== Segment start ==

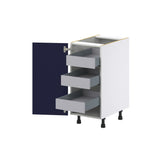 Hugo&Borg Lorette 15-in W x 34.5-in H x 24-in D Navy Blue 3-Drawers Base Fully Assembled Cabinet (Recessed Panel Shaker Style)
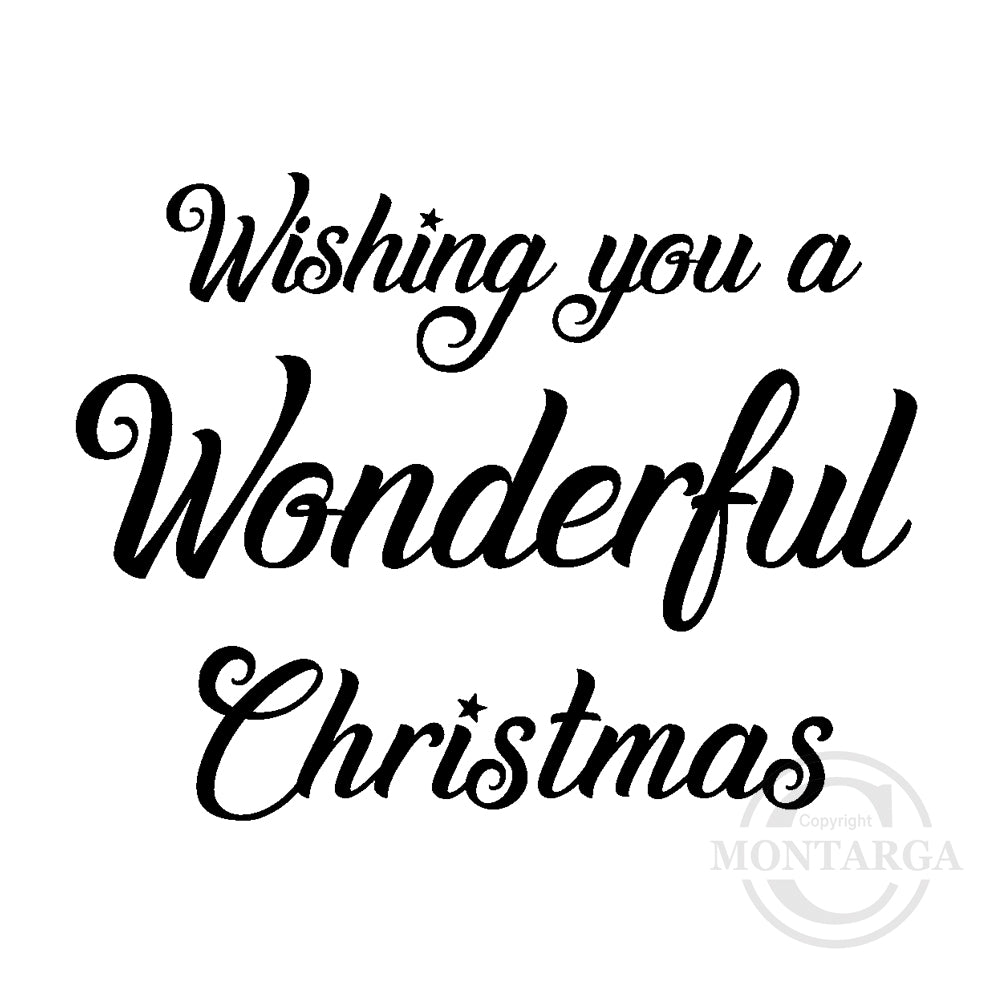 2415 D Wishing You a Wonderful Wording Christmas Rubber Stamp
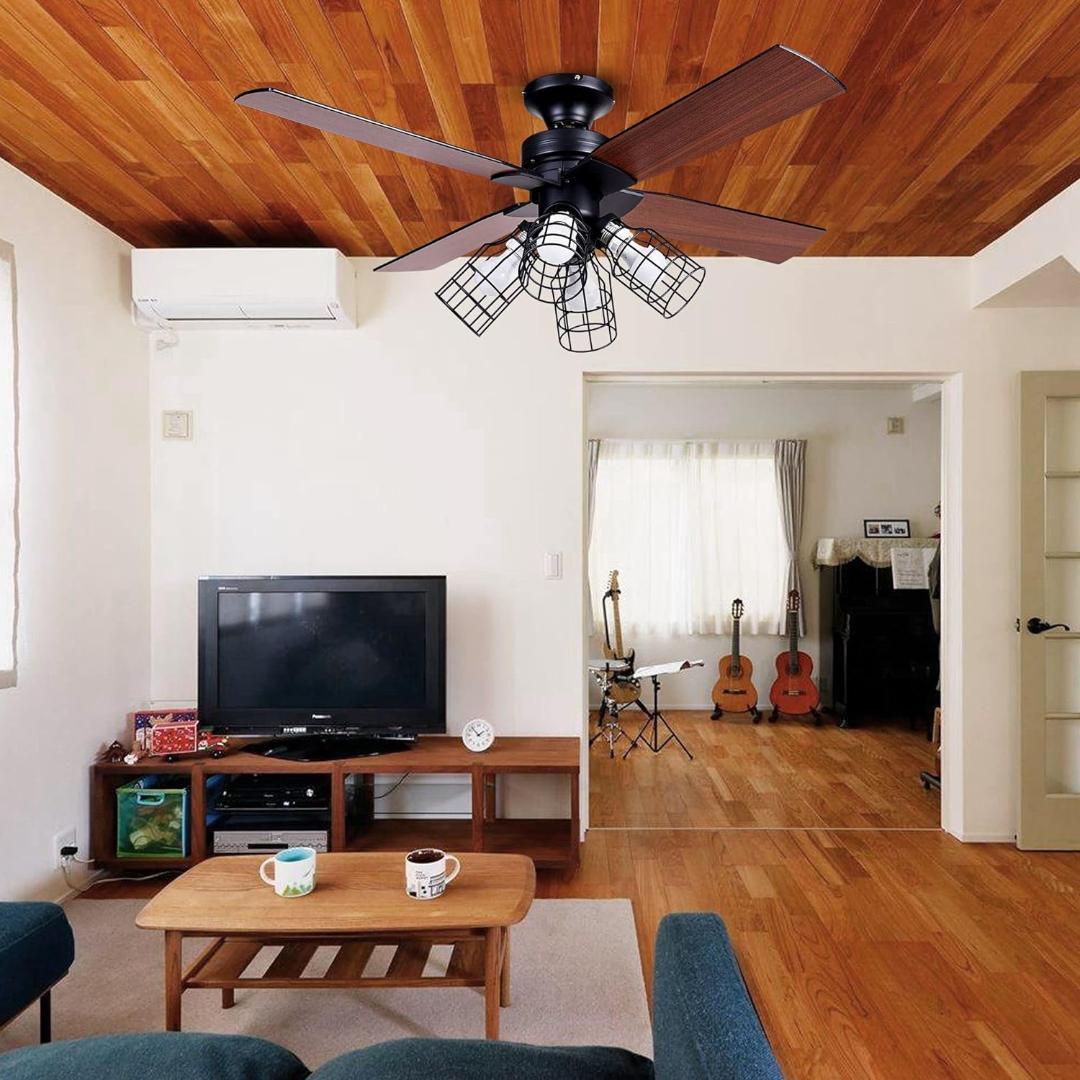 A195 シーリングファンライト 4灯 リモコン式 ファン 省エネ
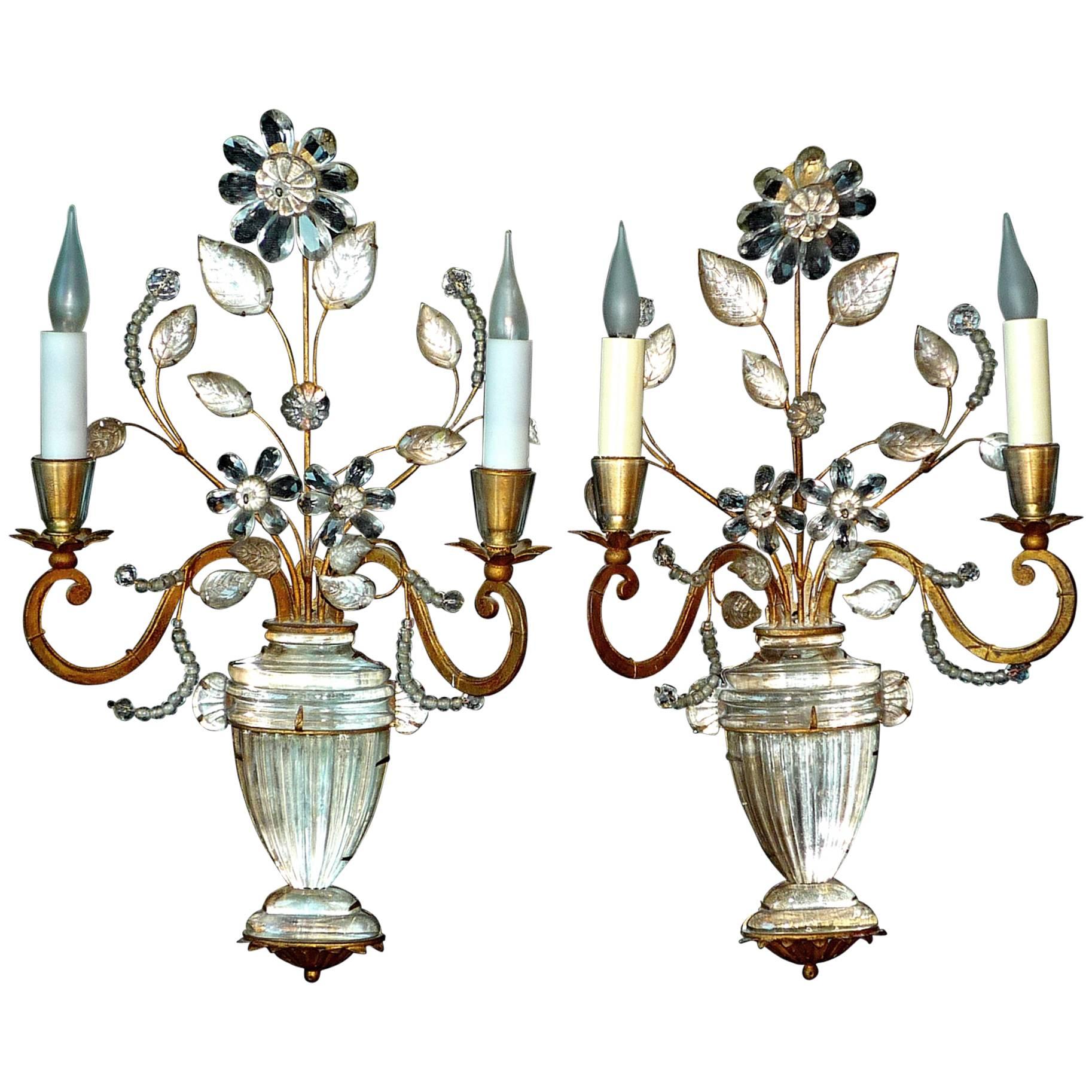 Pair of French Gilt Iron and Crystal Sconces, Maison Baguès, circa 1925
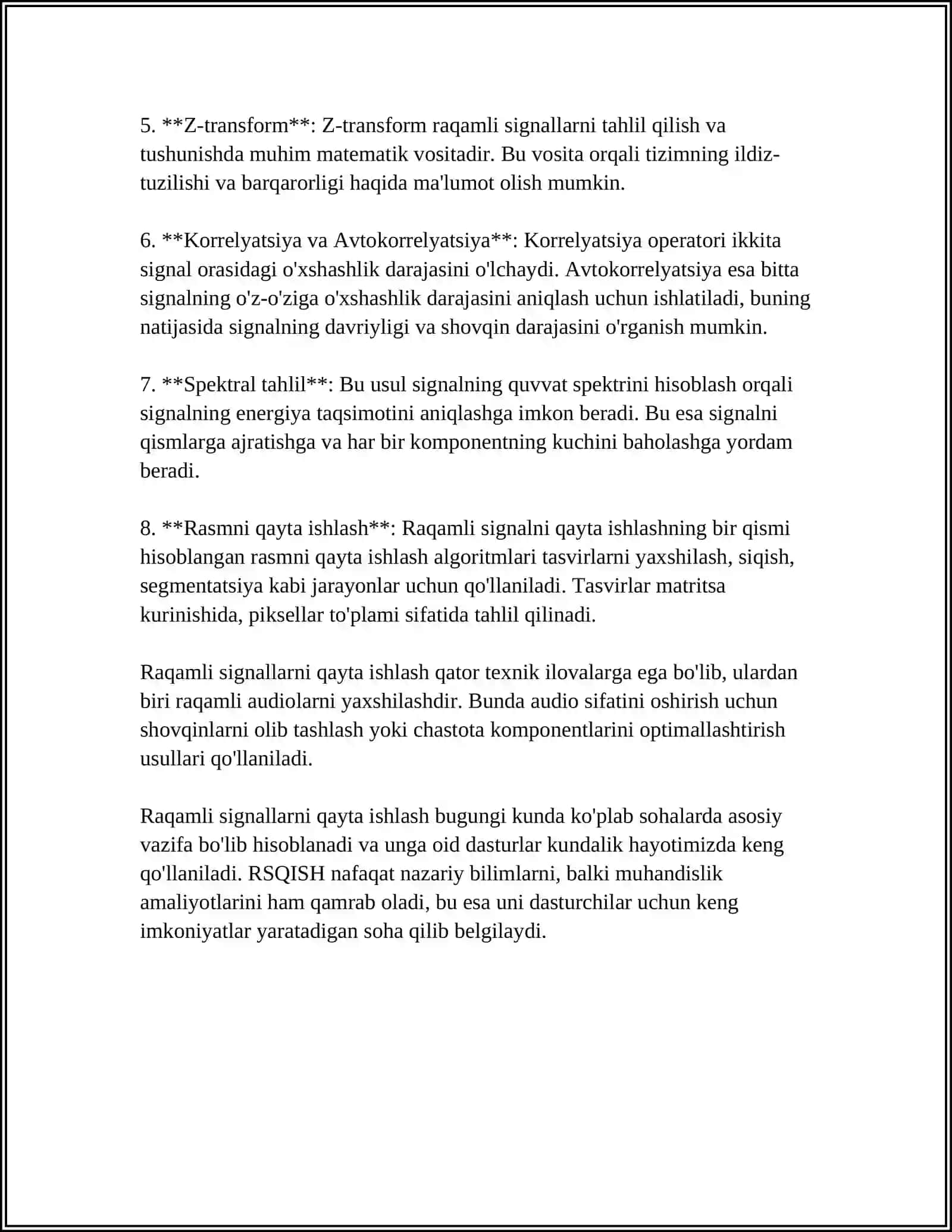 SIGNALLARNI RAQAMLI QAYTA ISHLANISHIDA SONLI KETMA-KETLIKLARNING TATBIQLARI 4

== Segment end ==

> _How to complete this task_:
Beginning with the line that contains "Pair of French", write out the remaining lines of the listing above through the last, exactly and only those, without pictures.

> _Solution to this problem_:
 Pair of French Gilt Iron and Crystal Sconces, Maison Baguès, circa 1925
 SIGNALLARNI RAQAMLI QAYTA ISHLANISHIDA SONLI KETMA-KETLIKLARNING TATBIQLARI 4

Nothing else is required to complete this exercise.